American athlete, personal trainer, nutritionist, and fitness model

Kimberly Lyn Lyons (born May 5, 1973) is an American athlete, personal trainer, nutritionist, and fitness model. She has appeared several times on the covers of many health and fitness magazines. She has also starred on the United States version of the competitive reality television show, The Biggest Loser. She originally replaced fellow trainer Jillian Michaels in season 3, but competed against her in season 4. She did not return for season 5, and has not made an appearance since. Subsequently, she appeared at the 2008 Miss America pageant as a panelist, and wrote a book entitled Kim Lyons: Your Body, Your Life.

==Background==
Initially intending to become an airline pilot, she attended Colorado State University and instead majored in Human Development and Nutrition (she decided to change her major because of her "love and passion for health and fitness"). After her graduation in 1995, she began teaching aerobics, which led to her competing in the famous Galaxy Fitness competition, and in 2002, she earned her Pro Card as an IFBB (International Federation of Bodybuilding and fitness) fitness athlete. She is also a model who poses in pageants, and has appeared on many magazine covers.

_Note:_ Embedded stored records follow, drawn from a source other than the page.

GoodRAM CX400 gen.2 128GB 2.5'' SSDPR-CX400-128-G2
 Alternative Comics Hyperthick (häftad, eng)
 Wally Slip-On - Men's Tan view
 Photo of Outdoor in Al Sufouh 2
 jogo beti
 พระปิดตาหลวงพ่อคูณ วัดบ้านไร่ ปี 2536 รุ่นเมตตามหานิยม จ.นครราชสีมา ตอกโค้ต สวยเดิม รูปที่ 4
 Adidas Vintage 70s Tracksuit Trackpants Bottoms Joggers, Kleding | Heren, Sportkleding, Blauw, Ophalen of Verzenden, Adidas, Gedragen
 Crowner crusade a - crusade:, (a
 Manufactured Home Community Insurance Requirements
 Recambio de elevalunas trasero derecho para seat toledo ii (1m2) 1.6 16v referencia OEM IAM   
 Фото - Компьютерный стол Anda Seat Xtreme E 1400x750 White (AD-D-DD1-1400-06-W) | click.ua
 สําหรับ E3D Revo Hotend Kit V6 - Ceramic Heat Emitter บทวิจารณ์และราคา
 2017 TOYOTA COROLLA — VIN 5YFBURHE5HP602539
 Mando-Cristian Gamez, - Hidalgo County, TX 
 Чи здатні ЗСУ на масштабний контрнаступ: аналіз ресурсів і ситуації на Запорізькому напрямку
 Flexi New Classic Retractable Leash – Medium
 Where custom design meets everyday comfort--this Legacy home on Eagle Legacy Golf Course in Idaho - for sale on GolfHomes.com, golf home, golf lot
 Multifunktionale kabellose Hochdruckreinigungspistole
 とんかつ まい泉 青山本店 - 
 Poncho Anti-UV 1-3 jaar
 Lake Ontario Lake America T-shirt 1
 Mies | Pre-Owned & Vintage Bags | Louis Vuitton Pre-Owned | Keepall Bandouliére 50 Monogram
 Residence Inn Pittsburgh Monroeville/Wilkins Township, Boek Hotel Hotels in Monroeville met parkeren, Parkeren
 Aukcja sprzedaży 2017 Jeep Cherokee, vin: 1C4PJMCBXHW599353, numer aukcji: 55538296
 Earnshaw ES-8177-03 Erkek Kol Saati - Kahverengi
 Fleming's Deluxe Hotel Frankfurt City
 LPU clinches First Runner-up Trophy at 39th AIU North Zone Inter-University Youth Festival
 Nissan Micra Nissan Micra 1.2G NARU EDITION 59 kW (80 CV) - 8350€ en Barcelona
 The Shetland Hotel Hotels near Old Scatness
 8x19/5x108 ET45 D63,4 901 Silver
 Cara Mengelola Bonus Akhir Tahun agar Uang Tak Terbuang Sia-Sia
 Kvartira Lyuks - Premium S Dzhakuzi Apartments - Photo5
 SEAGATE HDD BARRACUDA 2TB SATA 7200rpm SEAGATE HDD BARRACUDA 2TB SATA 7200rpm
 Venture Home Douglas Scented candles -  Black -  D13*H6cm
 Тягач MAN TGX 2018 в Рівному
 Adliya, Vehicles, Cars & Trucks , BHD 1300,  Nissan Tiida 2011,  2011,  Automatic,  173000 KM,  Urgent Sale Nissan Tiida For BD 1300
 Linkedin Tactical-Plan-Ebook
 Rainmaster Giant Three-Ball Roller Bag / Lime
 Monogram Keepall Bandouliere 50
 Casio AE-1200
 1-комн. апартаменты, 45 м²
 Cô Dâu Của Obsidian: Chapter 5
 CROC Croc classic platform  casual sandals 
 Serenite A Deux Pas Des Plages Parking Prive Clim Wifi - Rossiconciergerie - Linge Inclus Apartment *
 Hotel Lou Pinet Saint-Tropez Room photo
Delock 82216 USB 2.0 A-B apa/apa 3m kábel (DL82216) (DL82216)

There were only two times in her life when she was unable to be physically fit and active. Before she began teaching aerobics, she was considerably overweight because she struggled with depression, which she managed to conquer by exercising. Later, while preparing for a fitness competition, she tore her Achilles tendon, and needed seven months to recover, during which time she became a health and fitness expert.

Kim resides in Hermosa Beach, California, and married German bodybuilder Gunter Schlierkamp in March 2007. She was previously married to an F-16 pilot. On June 3, 2010, Kim and husband Gunter had their first child together, a boy named Jake Alexander.

==Other media appearances==
Kim Lyons was chosen as a personal trainer to be in Dr. Phil's Ultimate Weight Loss Race in his 7th season.

Kim Lyons was on American Ninja Warrior, but failed on the quintuple steps. She competed in the Venice Qualifiers.